According to the New Hampshire Department of Education’s yearly census, there are presently 161,755 children enrolled in the state’s regular public schools. A further 5,526 students attend the state’s public charter schools.
The little decrease in total enrolment follows a big dip the previous year, when many families switched to alternative or homeschool choices or kept their children out of kindergarten and preschool due to the pandemic.
This year the number of children enrolled in New Hampshire’s K–12 public schools is a 1% decrease from the previous year. This loss extends a two-decade-long declining trend, which has been fueled in major measure by the state’s older population and low fertility rates.
Manchester, Nashua, Bedford, Londonderry, and Concord continue to have the highest student numbers. Bedford is the only one that has expanded in recent years.
The shifts in New Hampshire’s student population have far-reaching consequences for municipalities, taxpayers, and students.
Lower enrollment does not result in immediate savings on expenditures such as facility upkeep, transportation, and personnel until districts remove school facilities or drastically reduce their budgets.

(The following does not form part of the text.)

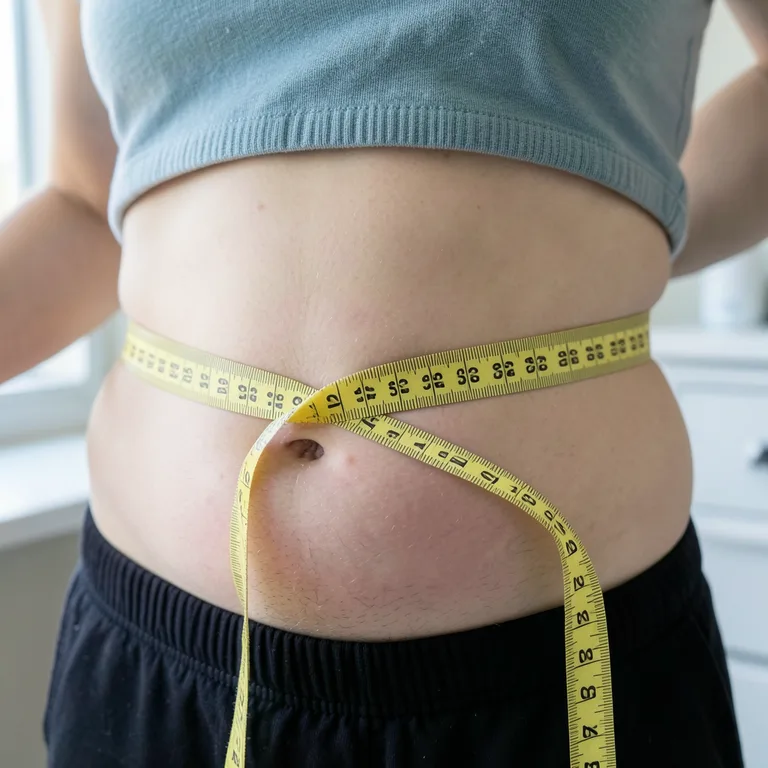 Jak obezita ovlivňuje zdraví a prevenci - ilustrační foto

However, it results in less state aid per kid. This means that local taxpayers will bear a greater share of the escalating costs.
The characteristics of New Hampshire’s student population are shifting as the total number of students falls. Recent financing through national COVID relief packages and state legislative initiatives has softened the shock of these hikes, enabling districts to pay for extra resources without drastic tax increases.
According to data from the state education department, the student population is getting increasingly ethnically diverse each year, particularly in the state’s three largest cities: Nashua, Manchester, and Concord. For example, in Manchester, the number of pupils of color has nearly doubled in the past two decades. As some districts grow more ethnic and conform to international cultures, they have attempted, with varying degrees of success, to employ staff who represent these developments.